DesRoches will speak on the UC Davis Campus Wednesday, September 28 at 4 p.m. at the Student Community Center in the Multipurpose Room.

Reginald DesRoches is the Karen and John Huff School Chair and Professor of Civil and Environmental Engineering at the Georgia Institute of Technology. DesRoches was born in Port-au-Prince, Haiti, and will talk about the 2010 Haiti earthquake, which was one of the most devastating natural disasters in modern times. Officials estimate the earthquake killed and injured more than 600,000 people. DesRoches served as the key technical leader in the US response to the Haiti earthquake and led a team of engineers, architects, city planners, and social scientists to analyze its aftermath.

Beyond Haiti, urban areas around the world face similar risks. As cities with aging infrastructures become more overcrowded earthquakes can cause even more damage and financial devastation. In the United States, nearly half of Americans live in earthquake-prone regions. DesRoches will discuss how his body of research, and experience with the Haiti earthquake, can be applied to seismic threats in California and abroad.

DesRoches will outline how engineers are using improved computational methods, coupled with new “smart” materials and structural systems, to minimize the impact of earthquakes.
He has focused his research on the design of resilient infrastructure systems under extreme loads and has published more than 300 articles on resilience and seismic risk assessment. He has also participated in numerous congressional briefings to underscore the critical role that university research must play in addressing the country’s infrastructure crisis and resilience to natural hazards.

This lecture is presented by the UC Davis College of Engineering and organized by the UC Davis Department of Civil and Environmental Engineering. Admission is free.

BIOGRAPHY:
Dr. Reginald DesRoches is a fellow of the American Society of Civil Engineers and the society’s Structural Engineering Institute. DesRoches serves on the National Academy of Sciences Resilience Roundtable and the Academy’s Board on Army Science and Technology as well as on the National Science Foundation’s Advisory Committee for Engineering, the Global Earthquake Modeling Scientific Board, and the advisory board for the Natural Disasters, Coastal Infrastructure and Emergency Management Research Center. He has chaired the American Society of Civil Engineers’ Seismic Effects Committee as well as the executive committee of the Technical Council on Lifeline Earthquake Engineering.
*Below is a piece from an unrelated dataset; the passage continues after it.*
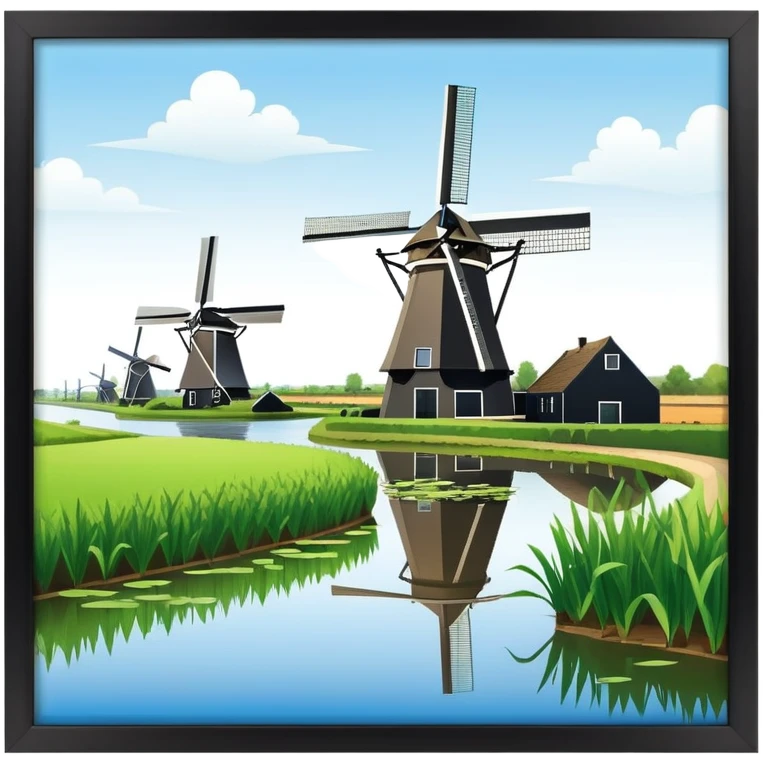 cinematic-realistic-kinderdijk-windmills-landmark-emoji,-showcasing-traditional-dutch-windmills-aligned-along-a-tranquil-canal,-with-lush-green-fields in a picture frame emoji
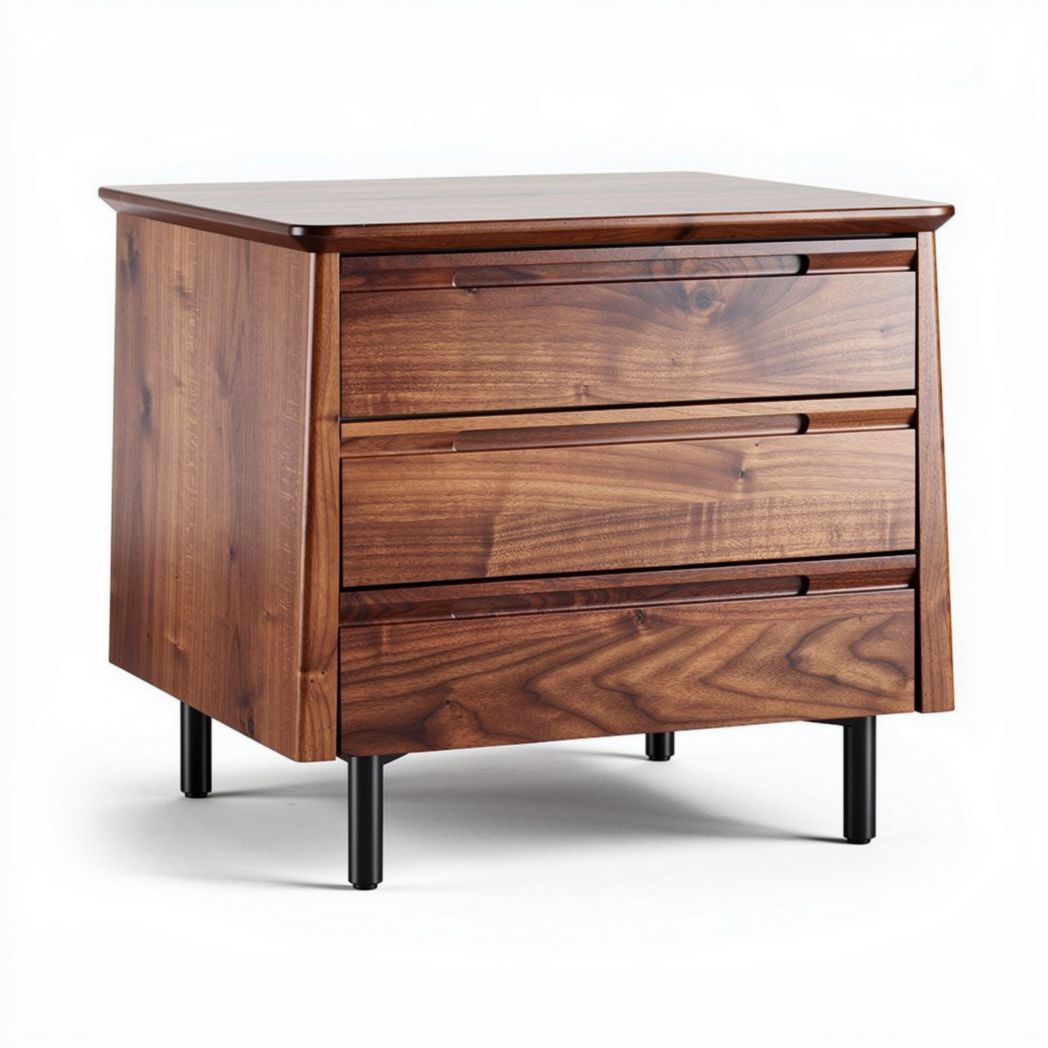 Wooden nightstand with three drawers and metal legs in walnut finish 60 x 45 x 50cm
DesRoches received the Presidential Early Career Award for Scientists and Engineers (PECASE) in 2002 — the highest honor bestowed upon scientists and engineers in the early stages of their careers. Most recently, he was a recipient of the 2007 ASCE Walter L. Huber Civil Engineering Research Prize, the 2015 ASCE Charles Martin Duke Lifeline Earthquake Engineering Award, the Georgia Tech Outstanding Doctoral Thesis Advisor Award (2010), and the Georgia Tech ANAK Award (2008). DesRoches has served as thesis advisor to 29 doctoral and 17 master’s thesis students. DesRoches earned his bachelor of science in mechanical engineering, master of science in civil engineering, and PhD in structural engineering at the University of California, Berkeley, where he was recently elected to the civil engineering department’s Academy of Distinguished Alumni.